Steady state conduction through single and composites of simple geometries.
Properties of conductors, insulators, lagging.
Introduction to convection via film or surface heat transfer coefficient.

Fluid Mechanics:

Extend previous knowledge of fluid statics to consider fluid dynamic applications
Steady laminar / turbulent flow in pipelines
Drag and lift on solids for solids handling applications
Flow measurement and control theory (case study)

Teaching and learning activity

Formal lectures and tutorials will be provided. Fundamental concepts will be introduced in lectures, emphasized through case studies, lab classes and discussions in tutorials. Tutorials will provide an opportunity for the students to demonstrate their new skills and knowledge. A comprehensive laboratory practical programme will further aid understanding of the subject matter in addition to developing essential practical skills. Case studies and problem solving exercises will be set on the topics covered as a group activity or an individual one which is based on the practical application side of the subject matter.

Assessment

In order to meet professional body requirements, students are expected to pass this course at 40% overall and with a minimum of 30% for each component.
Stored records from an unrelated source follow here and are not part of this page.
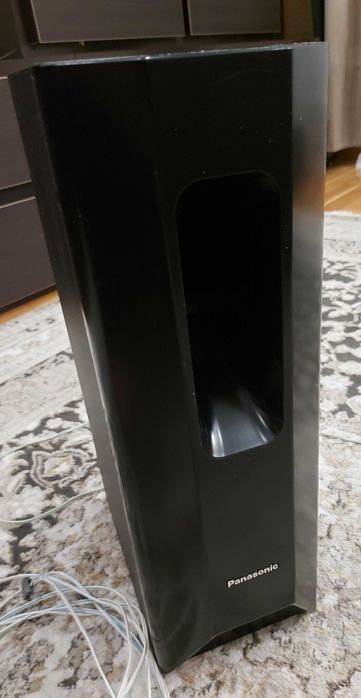 Subwoofer Panasonic do kina domowego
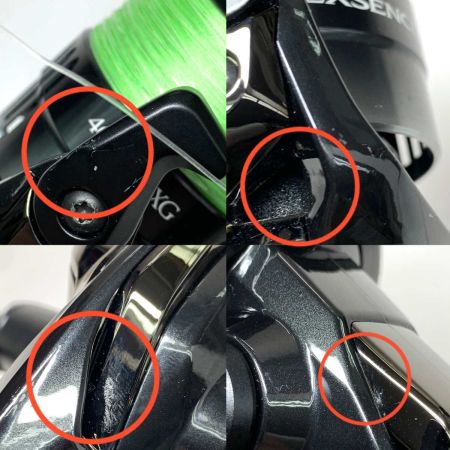  SHIMANO シマノ スピニングリール 　24エクスセンスBB 4000MXG  本体のみ 047236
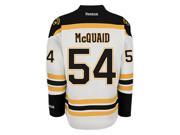 Adam McQuaid Boston Bruins Reebok Premier Away Jersey NHL Replica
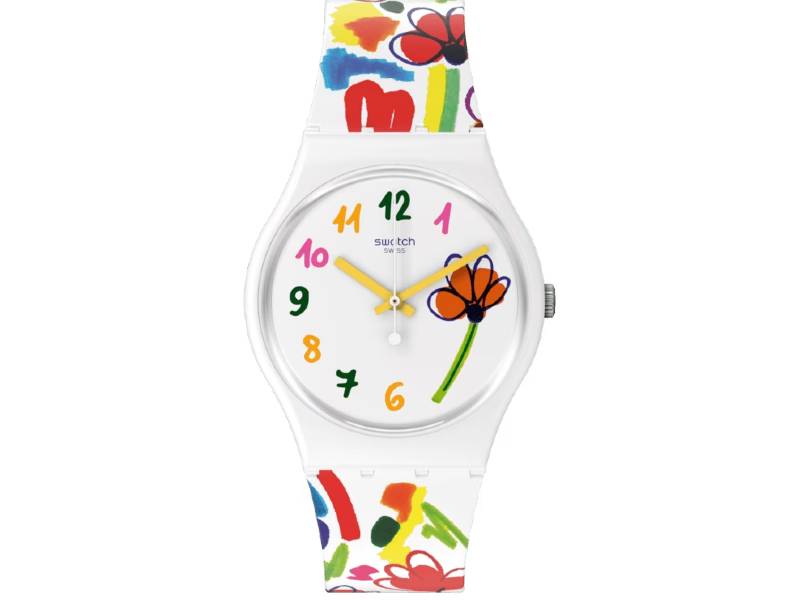 SWATCH FLOWERS SO28W108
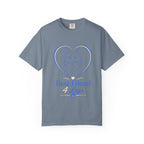 Best Friend Legs Cat T-Shirt — Cute Cat Heart Graphic Tee for Cat Lovers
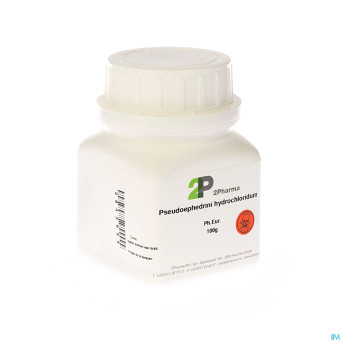 Pseudoephedrine hcl    100g 2pharma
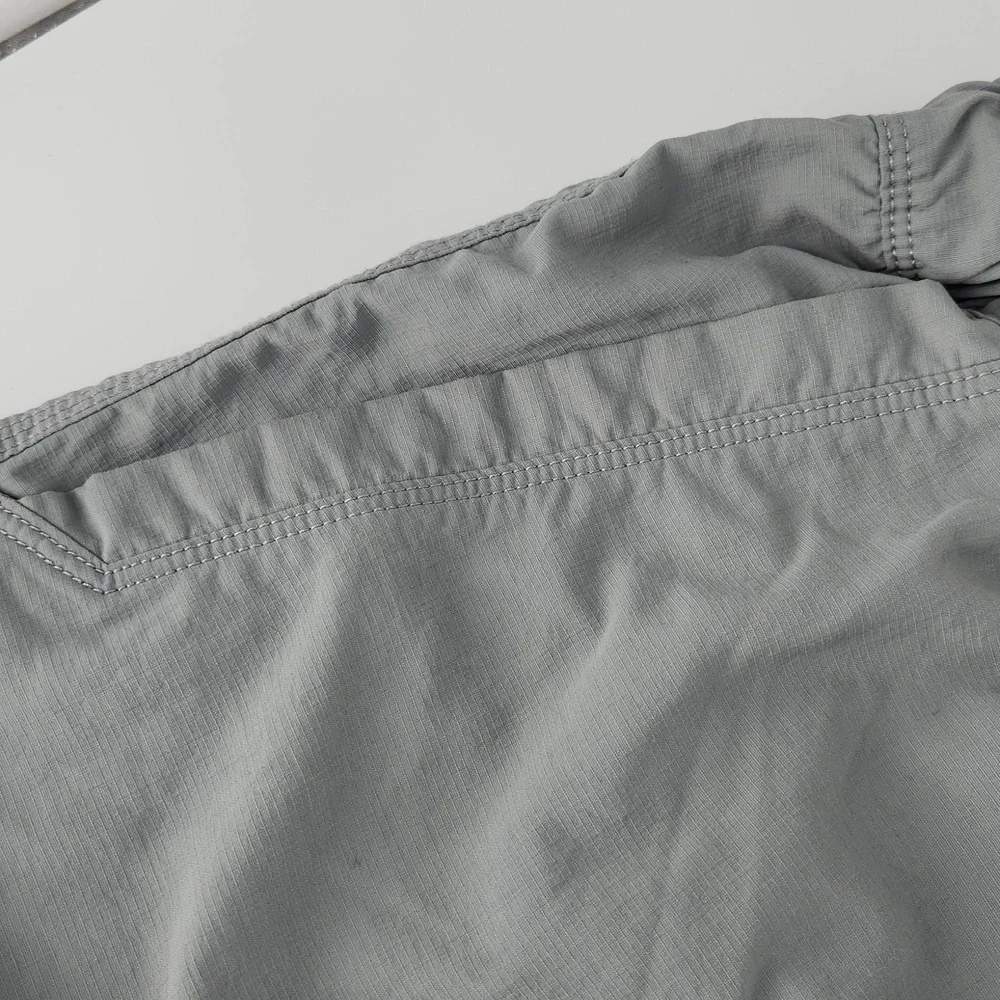 The North Face Shorts Men's Outdoor Hiking Gray Shorts Size XXL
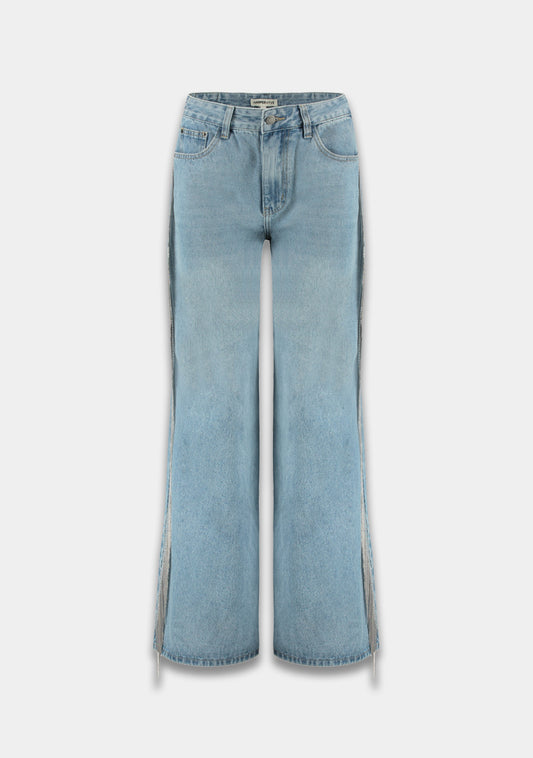 Mayro pants light blue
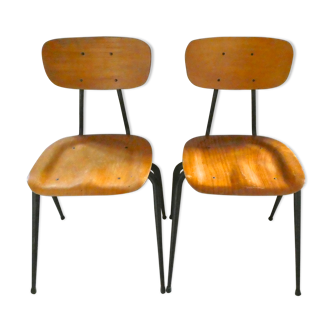 Pair of Dave Chapman chairs from the 50s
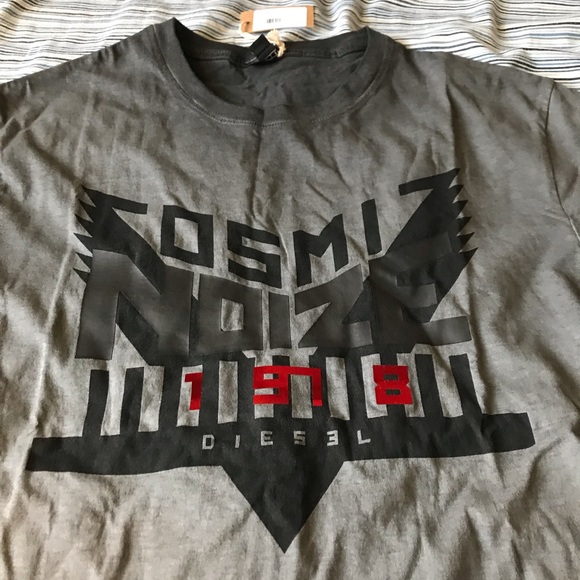 Diesel T-Shirt size XL - Picture 2 of 7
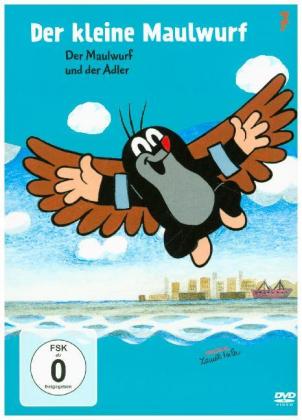 Der kleine Maulwurf - Der Maulwurf und der Adler, 1 DVD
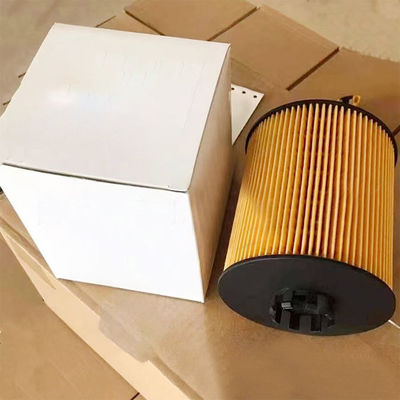 Elemento de filtro de aceite de camión RE509672 Componentes de núcleo de fibra de vidrio para vehículos comerciales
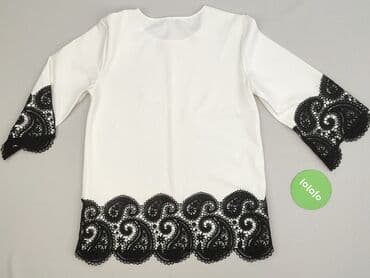 bluzki z tiulowymi rękawami reserved: Bluzka damska, rozmiar M — 3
Students are required to pass all elements of summative assessment in order to pass the course.

Coursework - 40% weighting, pass mark 40%.
Outline Details - Laboratory work:
Typical labs might be on Refrigeration and Drag Force measurement
Case study:
A typical one might be in the area of renewable energy

Examination - 60% weighting, pass mark 40%.
Outline Details - Formal Examination, 3 hour, closed-book, broadly covering syllabus of the course.

Formative Assessment - Mock Exam.